Sunday School program
And while Christmas is not all about the tree, presents and Santa, it sure is fun to see the excitement in Cooper's eyes anytime our tree lights turn on and the room is aglow with those tiny white lights!  This year will be so much fun with him and I'm so blessed to get to see the magic of Christmastime unfold through his eyes!

Helping Mom make sugar cookies!
And while last year we did not have our "White Christmas" it is looking like the snow that is here is here to stay for awhile. . . especially with our single-digit temperatures for the next few days!
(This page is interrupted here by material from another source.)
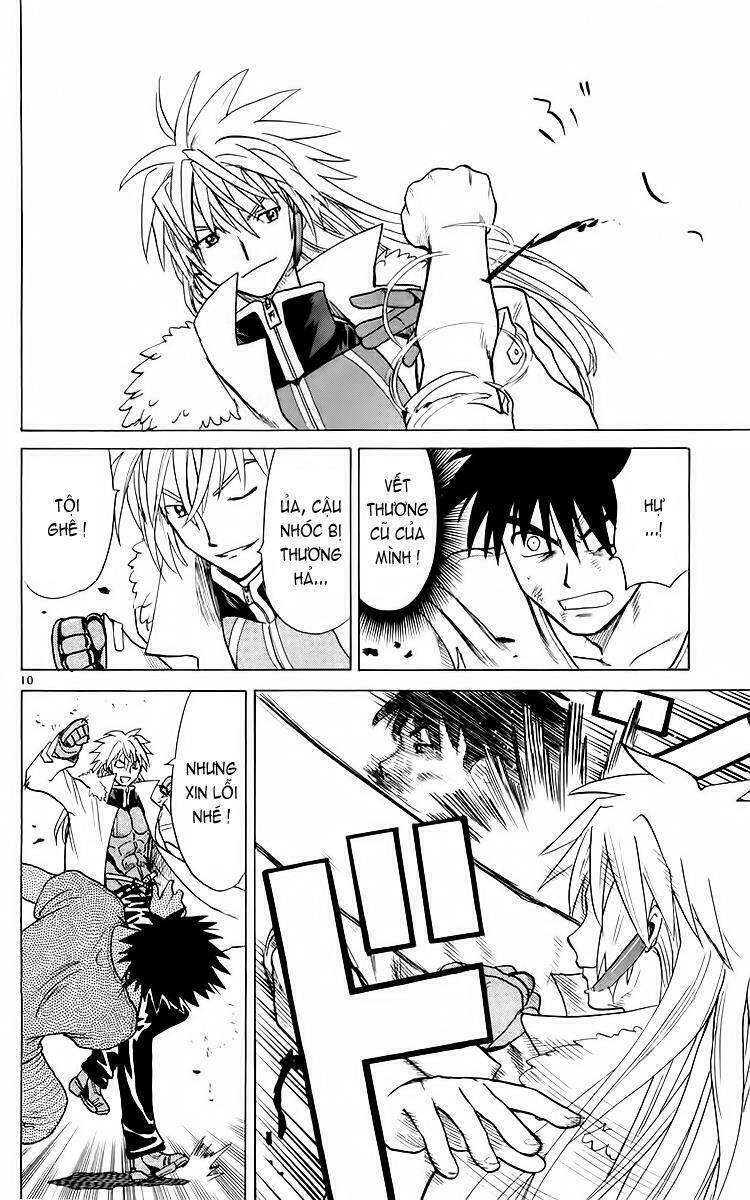 kowashiya gamon - nhiệm vụ đặc biệt chapter 32 10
We were able to get out in it last week before the wind chill dropped too much!
Getting ready to gang up on Mom and throw some snowballs
We also realize that the "controversy" of Santa is one that many parents deal with.  To us, Santa is the physical reminder of all the magic of Christmas.  Waiting in line to see Santa helps build the fun anticipation that many of us remember as children and I don't think I am any worse for the wear!  Leaving Christmas cookies and then racing down the next morning to see if they've been consumed is just a fun tradition (and a good way for Mom and Dad to have some guilt-free goodies!)
Most of all, Santa is there to help us remember that it is okay to be young and believe in things that we don't always see.  Sounds a little familiar eh?!  Jesus IS the real reason for the season and even though we can't see him, that doesn't mean we don't believe!!! And while the magic of Santa Claus will one day be gone, our Saviour is always with us; and that is one thing we hope our children do not leave behind!


MERRY CHRISTMAS from the Bartletts



Monday, April 9, 2012

Easter Weekend

What a wonderful weekend we had!  It started Saturday morning with a small-town Easter celebration where we heard the story of Jesus dying on the cross for our sins (something we are working on getting Ben to better understand this year) and continued onto the park for a egg hunt.  Cooper was quick to pick up on what he was supposed to do and it was so fun to watch!  Sunday we attended one of the best Easter services I can remember in a long time at our amazing church and then spent most of the rest of the day outside enjoying the glorious weather!
But the impact of the weekend did not escape me as I looked at my two beautiful boys playing, laughing and just enjoying life.  Could I do what God did?!  Sacrifice either of my children so that everyone else in the world who believe in Him might be saved?  What kind of unconditional love must that take. . . what grace has been given to us. . . how undeserving are we?!  But that's the point.  We are undeserving of this grace yet it has still be given to us.  Praise God for loving us so much that he would do this for us . . . He is truly our Heavenly Father who loves us to no end - Praise God!!!
 




I thank God every day for these two little blessings!  Happy Easter season!